───── Data excerpts
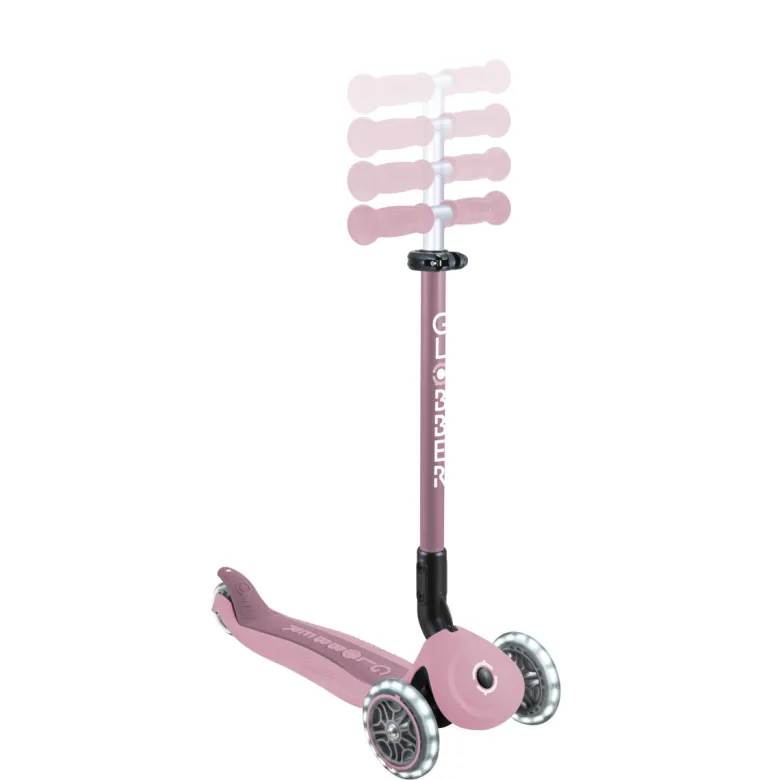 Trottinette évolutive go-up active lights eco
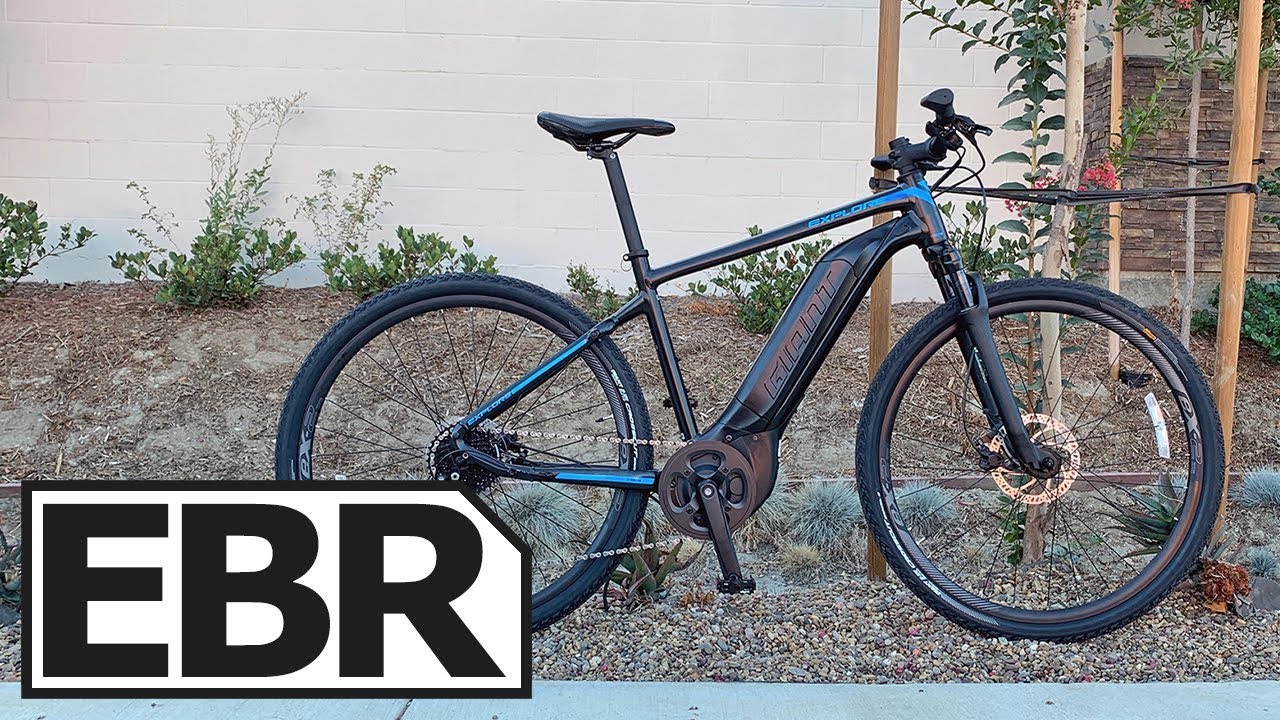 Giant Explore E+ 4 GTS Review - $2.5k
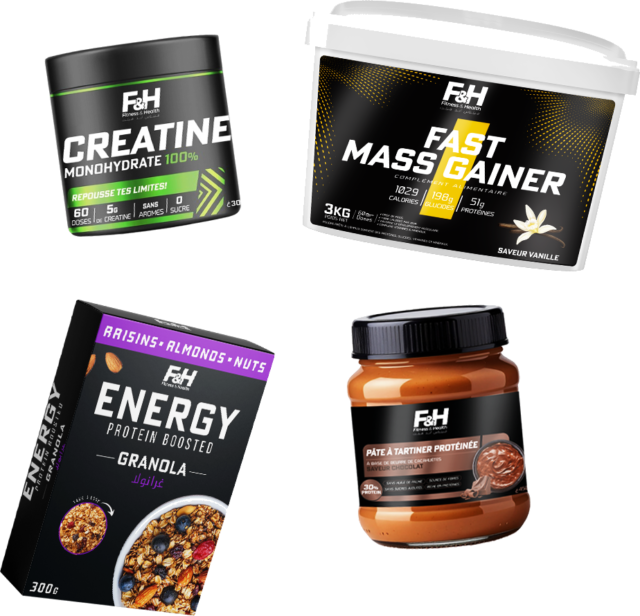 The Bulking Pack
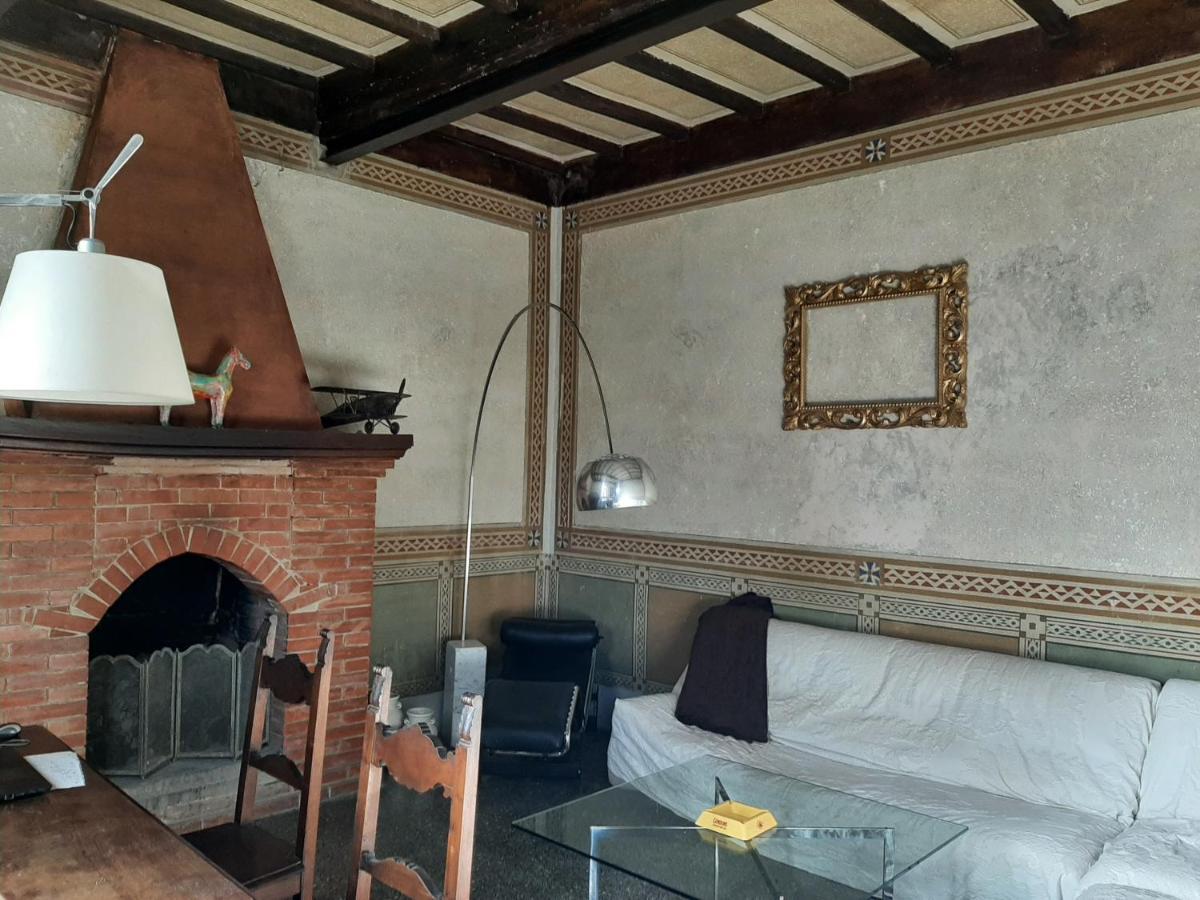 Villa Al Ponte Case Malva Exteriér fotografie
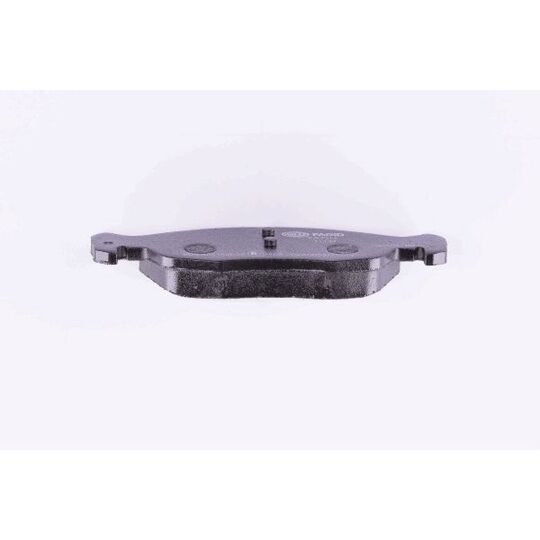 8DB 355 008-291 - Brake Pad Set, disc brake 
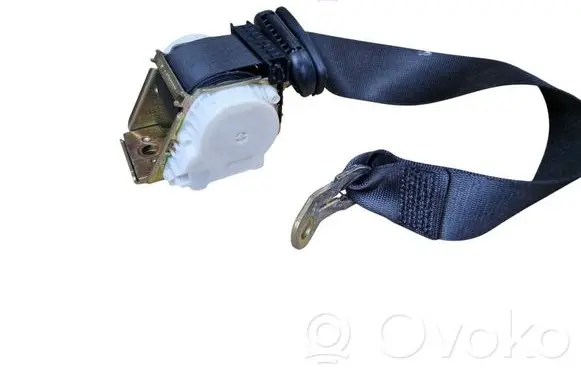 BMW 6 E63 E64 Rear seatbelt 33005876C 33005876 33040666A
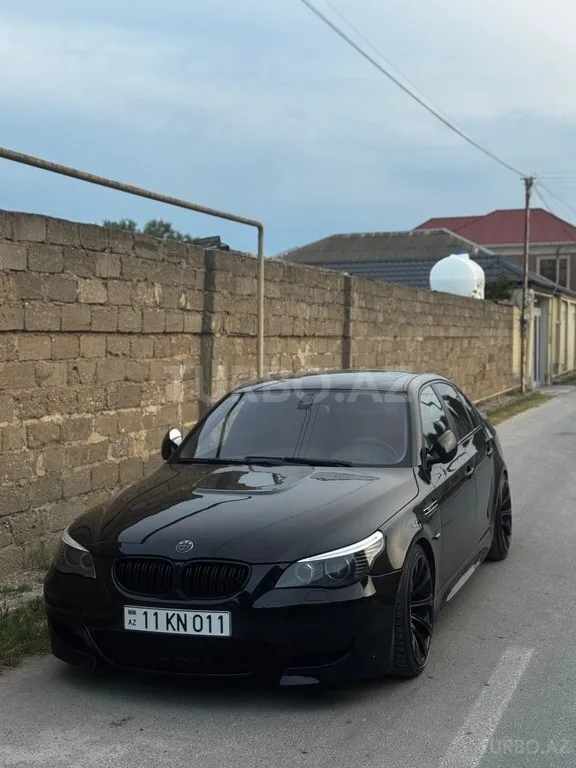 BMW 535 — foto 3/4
──────────
* [What is needed]
Your copy must consist solely of the lines from the one containing "The Bulking Pack" through the final line of the material above, transcribed exactly, with the pictures left out.

* [Exercise solution]
 The Bulking Pack
 Villa Al Ponte Case Malva Exteriér fotografie
 8DB 355 008-291 - Brake Pad Set, disc brake 
 BMW 6 E63 E64 Rear seatbelt 33005876C 33005876 33040666A
 BMW 535 — foto 3/4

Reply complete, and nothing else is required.